Getting a title for this story was challenging. Her publisher did not care for her working title of "The Green Man" and she vetoed a proposed "Beekeeper's Grand-daughter." She offered numerous other titles but none resonated, and eventually asked for suggestions on her website. This brought in more than 900 contributions, which she edited down to about a hundred and passed along to her publisher. When none of those worked, they focused on titles involving "Hive." King has degrees in comparative religion and Old Testament theology, and didn't think the publisher would find using "God" in the title to be acceptable, but to her surprise got approval when she finally suggested it.
She made this book more of a thriller than some of her prior volumes, with shorter chapters and more action to keep the reader engaged. This certainly worked for me. It's somewhat lighter in tone than The Language of Bees and the pacing is better. As always King's writing quality sets her books apart from the majority of pastiches. My only criticism is that the ending seemed a bit rushed and a little anti-climatic, but even so I consider it one of the better Russell books and highly recommend it.
Although she wanted to work on a non-Russell book next, her publisher and the public pushed hard for another in the series. That book, The Pirate King was published in September 2011. In it, Russell is dragged into events involving a film crew making a movie about a movie of The Pirates of Penzance. To provide some of that variety she cherishes, it's a bit of a farce and has more humor than some of her prior books.
Part of the story takes place in Morocco, and King spent a week there doing research. She rarely writes about places that she has not visited at least briefly. This research has taken her to many interesting and enjoyable locations.
In June 2010, King had been thinking of following The Pirate King with a sequel to the non-Russell Touchstone set in Paris in the late 1920s. However, Russell (or possibly King's publisher) has prevailed once again. By the spring of 2011 King had written some 70 pages of the next Russell book. Her working title is "Garment of Shadows" and it's scheduled for publication in 2012.
At a Sunnyvale Library talk in July 2011 King reported that she still hoped to work on that sequel to Touchstone. But Russell or Holmes may have different ideas.
Besides her Russell books, King was co-editor on two other Holmes-related books published in 2011. The Grand Game Volume One is a collection of some of the best Sherlockian scholarship from 1902 to 1959 about the Holmes stories. A second volume of The Grand Game is scheduled for publication in 2012. A Study in Sherlock is a collection of new mystery and detective tales by famous authors that somehow relate to the Holmes stories but usually do not include Holmes as a character.
While the Mary Russell books can stand alone, most readers will enjoy them more by starting with the first in the series and reading them in sequence. That's especially true for The Language of Bees and The God of the Hive, which, although very different in tone and pacing, share many key characters and plot elements. At a minimum, those two books should be read in sequence. However, The Pirate King relies less on prior stories and can be enjoyed without reading any of the other books.

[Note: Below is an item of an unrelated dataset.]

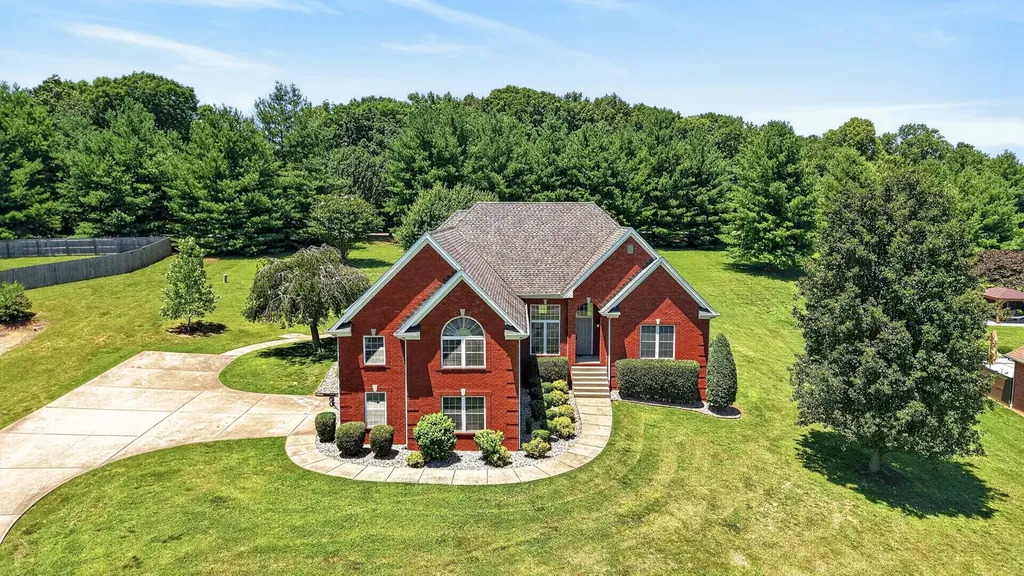 2011 Bryans Park Court Springfield TN 37172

The Beekeeper's Apprentice (1994)
A Monstrous Regiment of Women (1995)
A Letter of Mary (1997)
The Moor (1998)
O Jerusalem (1999)
Justice Hall (2002)
The Game (2004)
Locked Rooms (2005)
The Language of Bees (2009)
The God of the Hive (2010)
The Pirate King (2011)
I began publishing a round-up review of the year's best Sherlock Holmes books in 2009. Since then I've selected The Language of Bees, The God of the Hive, and now The Pirate King as recommended choices.